BEGIN SUPPLIED RECORDS

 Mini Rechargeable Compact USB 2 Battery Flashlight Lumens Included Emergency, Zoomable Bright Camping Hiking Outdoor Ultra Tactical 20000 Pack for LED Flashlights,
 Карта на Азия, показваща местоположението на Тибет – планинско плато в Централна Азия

END SUPPLIED RECORDS
BEGIN SUPPLIED RECORDS

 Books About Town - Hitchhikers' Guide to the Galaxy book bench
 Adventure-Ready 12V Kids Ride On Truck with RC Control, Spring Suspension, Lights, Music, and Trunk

END SUPPLIED RECORDS

_EXERCISE GOAL_: Within the data above, the lines from the one with "Books About Town" to the one with "Adventure-Ready 12V Kids" must be repeated exactly; no other line belongs in the answer.

_RESULT_:
 Books About Town - Hitchhikers' Guide to the Galaxy book bench
 Adventure-Ready 12V Kids Ride On Truck with RC Control, Spring Suspension, Lights, Music, and Trunk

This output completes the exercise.